Discovering frequent patterns in transactional databases is an essential task in data mining. One of the most traditional and widely used techniques for this purpose is the Apriori algorithm, which identifies sets of items that frequently appear together in transactions. In this article, we explore the application of Apriori on a simple database containing 10 shopping transactions in a supermarket, with a minimum support of 30%.
The database consists of a list of transactions carried out by customers. Each transaction contains a subset of items (A, B, C, etc.).
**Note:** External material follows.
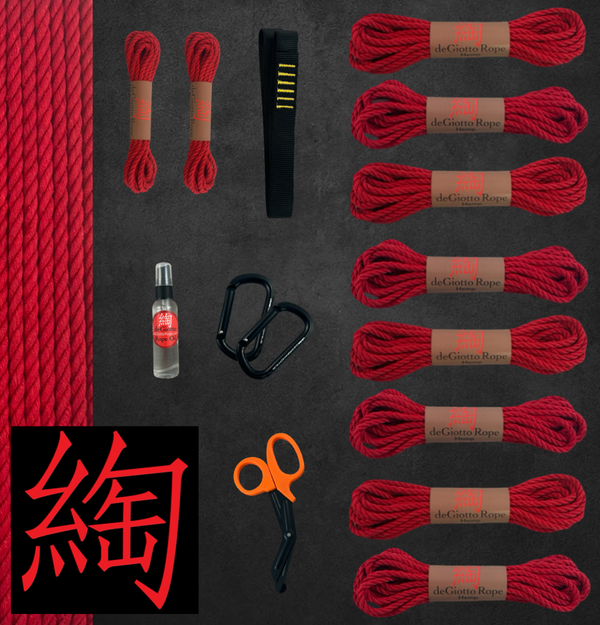 Hemp Shibari Rope Starter Suspension Kit 8x30' 2x15'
Below is the structure represented as a list of lists:
transactions = [
['A', 'B', 'C', 'E', 'F'],
['B', 'C'],
['A', 'B', 'E', 'F'],
['C', 'D'],
['D', 'G'],
['B', 'C', 'E', 'F'],
['C', 'D', 'E'],
['B', 'E', 'F'],
['B', 'C', 'E', 'F'],
['C', 'G']
]
We used the TransactionEncoder from the mlxtend library to convert the transactional data into a binary matrix (True/False), suitable for applying the Apriori algorithm:
te = TransactionEncoder()
te_ary = te.fit(transactions).transform(transactions)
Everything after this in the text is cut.